Problem statement - Copy out the full data exactly as given; pictures should not be included.

The data -
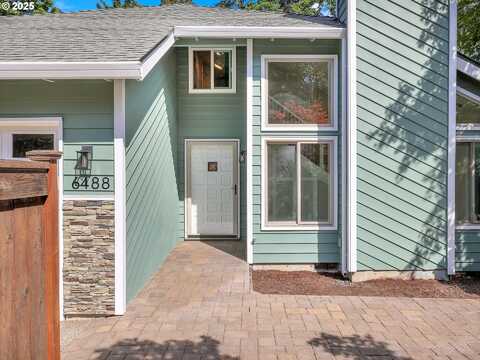 6488 SW MIDMAR PL, Portland, OR 97223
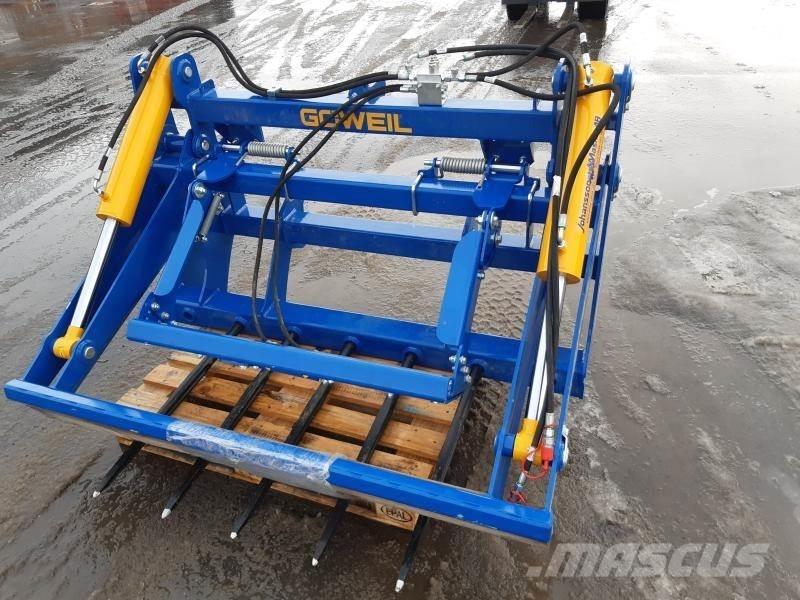 Göweil RBS BALSKÄRARE Other farming machines
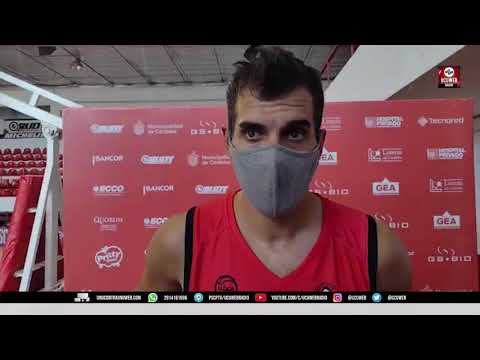 Leonardo MAINOLDI | SAN MARTÍN venció a Ferro 65 a 57 y clasificó al Final 8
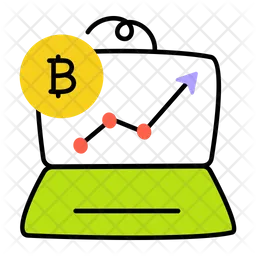 Bitcoin Analysis  Icon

Response for this exercise -
 6488 SW MIDMAR PL, Portland, OR 97223
 Göweil RBS BALSKÄRARE Other farming machines
 Leonardo MAINOLDI | SAN MARTÍN venció a Ferro 65 a 57 y clasificó al Final 8
 Bitcoin Analysis  Icon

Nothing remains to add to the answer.